支払期日を入れない売掛金元帳は、回収管理表としては弱くなります。税務用の記録に加えて、入金予定を追うための項目も持たせておきましょう。
売掛金元帳の書き方・記入例
売掛金元帳は、売掛金が増える取引と、売掛金が減る取引を分けて記録します。売上を掛けで計上したときは売掛金が増え、入金があったときは売掛金が減ります。
基本の記入例
たとえば、A社に対して6月30日に330,000円を請求し、7月31日に330,000円の入金があった場合、売掛金元帳は次のように整理できます。
| 日付 | 請求書番号 | 摘要 | 借方 | 貸方 | 残高 |
|---|---|---|---|---|---|
| 6/30 | INV-001 | A社 6月分制作費 | 330,000 | – | 330,000 |
| 7/31 | – | A社 入金 | – | 330,000 | 0 |
借方は売掛金が増える側、貸方は売掛金が減る側です。入金後に残高が0になっていれば、この請求は回収済みです。
一部入金があった場合
一部だけ入金された場合は、残高を残します。たとえば330,000円の請求に対して、7月31日に220,000円だけ入金された場合です。

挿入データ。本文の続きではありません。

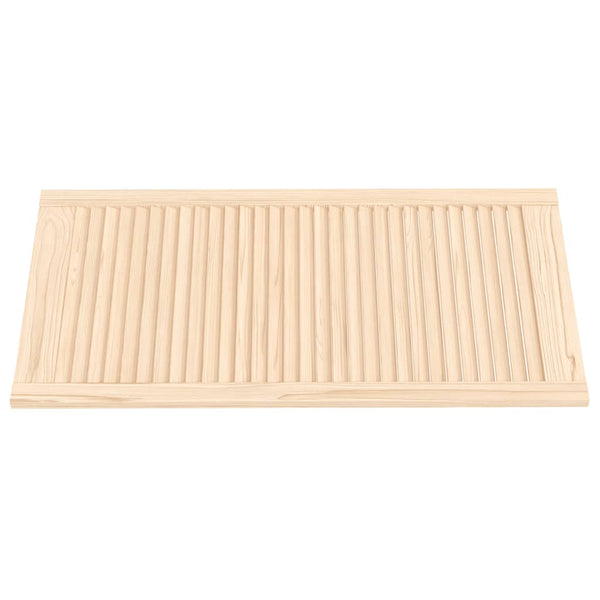 vidaXL Louvre Cabinet Doors 4 pcs 99.3x49.4 cm Solid Wood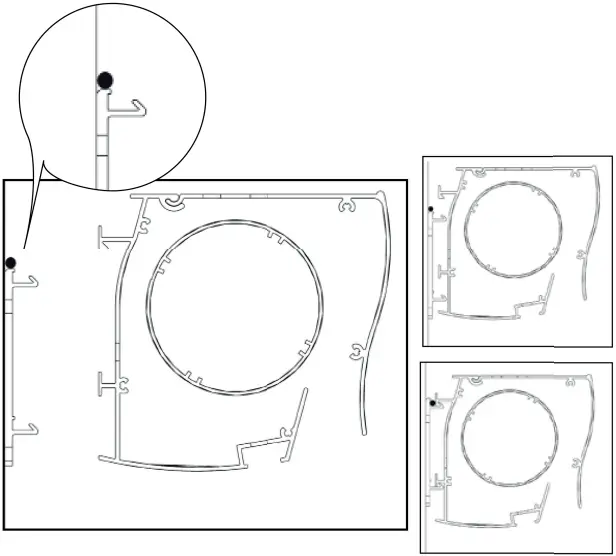 SCREENLINE WAVE TENSIONED Projection Screen A7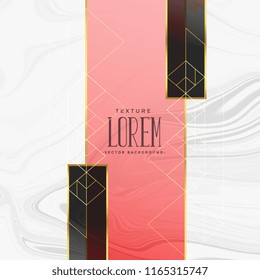 creative marble background with design
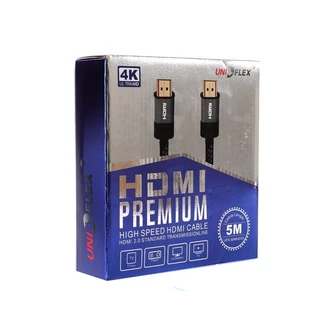 Cable HDMI 4K (V.2.0) M/M (5M) UNIFLEK สายถัก - A0129537 - A0129537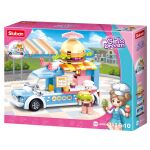 Sluban Girls Dream M38-B0993B Mobilní hamburgerový stánek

| 日付 | 請求書番号 | 摘要 | 借方 | 貸方 | 残高 |
|---|---|---|---|---|---|
| 6/30 | INV-001 | A社 6月分制作費 | 330,000 | – | 330,000 |
| 7/31 | – | A社 一部入金 | – | 220,000 | 110,000 |
この状態では、A社に対する未回収額が110,000円残っています。次回入金時に残高が0になるか、値引きや相殺があるかを確認します。
値引き・相殺・貸倒がある場合
入金以外で売掛金が減ることもあります。たとえば請求後に値引きが入った、買掛金と相殺した、回収不能として貸倒処理した、などです。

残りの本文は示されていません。